Karel Vanhaesebrouck, l’expression « arts mineurs », utilisée en français pour désigner les formes que nous étudions dans ce numéro, est problématique. Vous êtes néerlandophone, quel mot utilise-t-on en néerlandais ?
Cette expression d’« arts mineurs » est vraiment très problématique et il est intéressant de l’examiner de près, car elle va droit au cœur des divergences entre Flandre et monde francophone autour de ces formes et de leur ancrage dans la société. En néerlandais, il n’y a pas vraiment de traduction de la notion d’« arts mineurs » ; on va parler de « populaire cultuur » mais ces mots recouvrent un territoire beaucoup plus large, celui de la culture populaire. En fait, pour parler du cirque, de la marionnette et de la création dans l’espace public, on dit toujours « podiumkunsten », les arts de la scène, comme on le fait pour le théâtre, la danse et l’opéra. La culture française a une conception centralisée et donc plus normée, plus hiérarchique, de la culture, et c’est de là que vient cette distinction entre majeur et mineur. En Flandre, on conçoit les différentes formes d’art scénique comme des langages artistiques ouverts et en circulation constante plutôt que des disciplines figées. En Fédération Wallonie-Bruxelles, comme en France, il y a un cloisonnement très fort dans la manière dont les institutions conçoivent les différents langages artistiques, avec des catégories de subsides bien distinctes pour le cirque, le conte, le théâtre-action, etc.
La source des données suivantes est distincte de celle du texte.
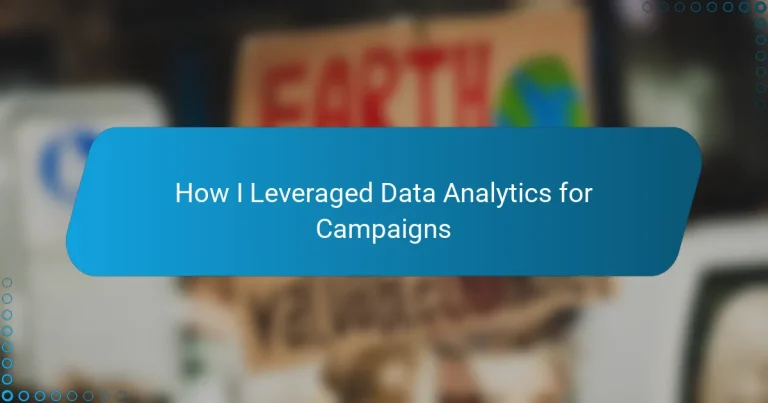 How I Leveraged Data Analytics for Campaigns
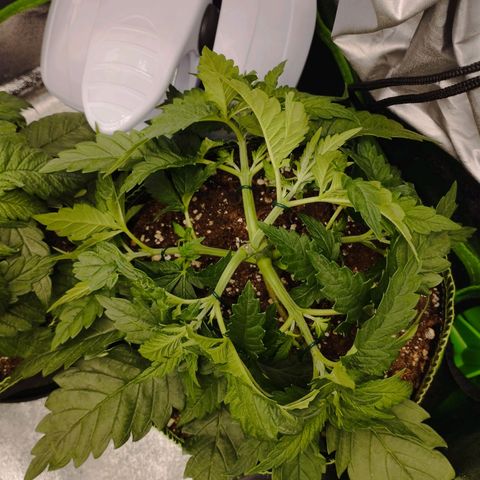Timmy, Strawberry Kush #1 growlog timeline photo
Ce cloisonnement renforce une hiérarchie interne : entre la marionnette et le théâtre, ou entre le théâtre pour adultes et le théâtre jeune public, on va tracer des carrières différentes, avec des valeurs symboliques différentes.
Tous ces cloisonnements institutionnels génèrent des systèmes de valeurs hiérarchiques et donc de la violence symbolique.